On March 27, Mexico’s Eufrosina Cruz Mendoza, Uruguay’s Edgardo Ortuño, and Chile’s Jaime Parada Hoyl – three Latin American politicians who have broken glass ceilings in their respective countries – were in New York for the launch of a new Americas Society report titled “A Seat at The Table: Five Steps to Making Latin American Politics More Diverse.” The report explores practical ways the region can increase the number of women, Afro-descendant, indigenous, and LGBT people in its legislatures.
In a conversation moderated by AQ editor-in-chief Brian Winter, the three trailblazing lawmakers discussed the report’s recommendations and found much in common despite their diverse backgrounds.
“What unites all of us is the feeling of being uncomfortable,” said Parada, a city councilman for the Providencia municipality in Santiago, Chile, who spoke about his conservative upbringing and his journey to becoming the first openly gay candidate elected to public office in Chile’s history.
Ortuño, who in 2005 became the first Afro-descendant person elected to Uruguay’s Congress, and later served as the Vice Minister of Industry, said his story was in many ways similar to Parada's and Cruz's.

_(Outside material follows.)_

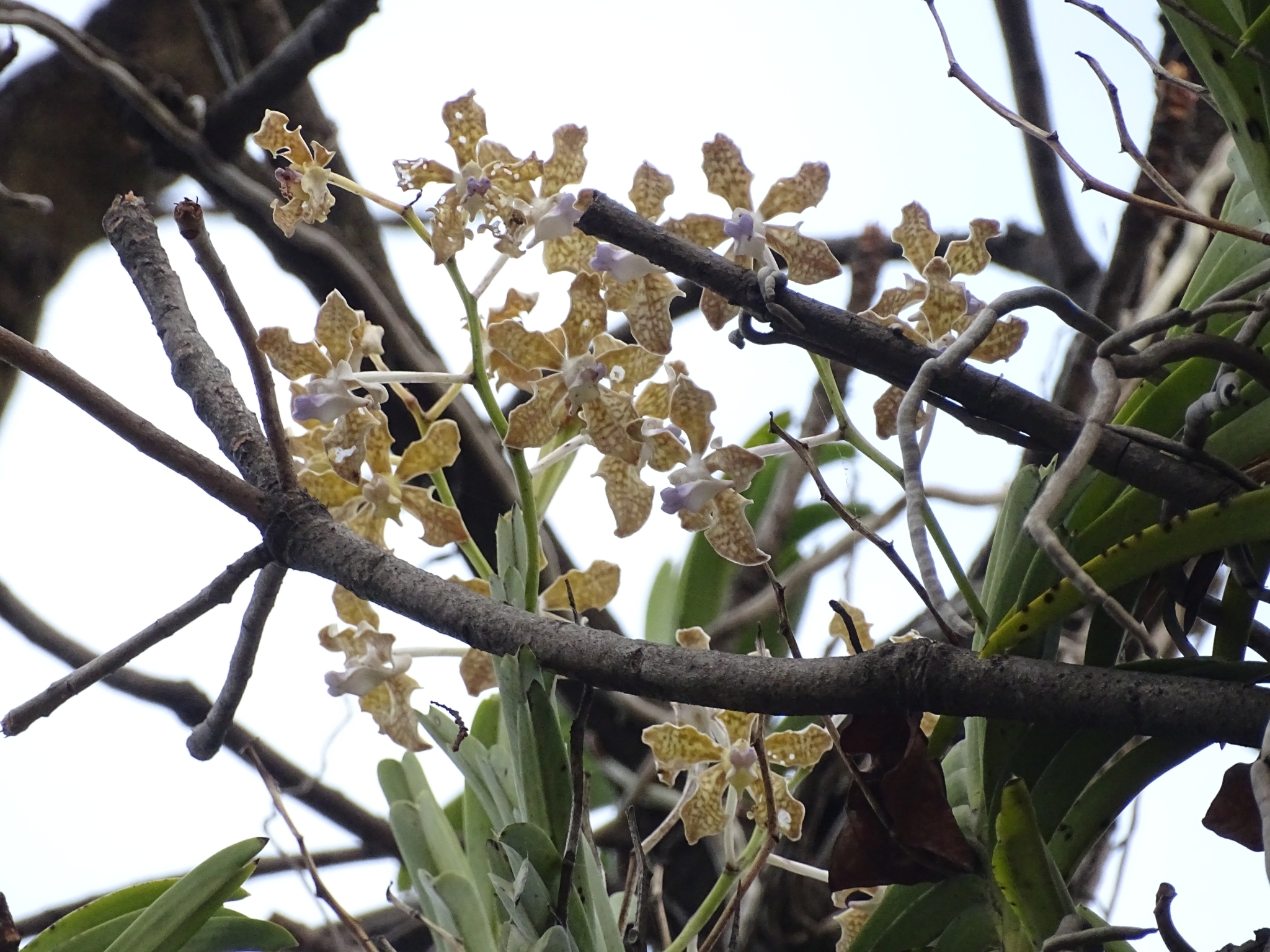 Imagem de Orquídea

"Our stories are ones of commitment, of rebellion, and of overcoming (obstacles)," Ortuño told the audience.
The panelists said the evening’s conversation was an example of one of the report’s key recommendations: forming diverse alliances.
“These alliances with others who have different stories, with other countries, they unite us as one,” said Cruz, who has successfully advocated for the political rights of indigenous women in Mexico as a member of the Federal Congress and the State Congress of Oaxaca. “When you’re fighting against a majority political system, you feel alone. Instead, when you construct alliances, it becomes clear that that majority isn’t certain.”
The report was written by Brazil-based journalist Andrew Downie, who interviewed politicians across the region, as well as the top academics studying political representation in Latin America.
Downie’s findings show that a blueprint for a more representative politics in Latin America is particularly timely. While some individual instances of political under-representation are so glaring that they capture public attention – such as Brazilian President Michel Temer’s initial cabinet of all white men in 2016 – the problem in the region (and, for that matter, the world) is widespread. For example, in 2016 AQ found that in no country in Latin America did the percentage of indigenous lawmakers in Congress match the percentage of indigenous people in the population as a whole. The situation for Afro-descendants isn’t much better, with only Peru having a higher percentage of Afro-descendants in Congress than the wider population. And out of hundreds of lawmakers across the region, only 15 were openly LGBT as of February of this year.
As governments across the region face economic hurdles, there may be pressure to view political inclusion as less of a priority. But for Cruz, the necessity of bringing marginalized groups into government isn’t up for debate.
“Democracy without the face of women and minorities isn’t democracy at all.”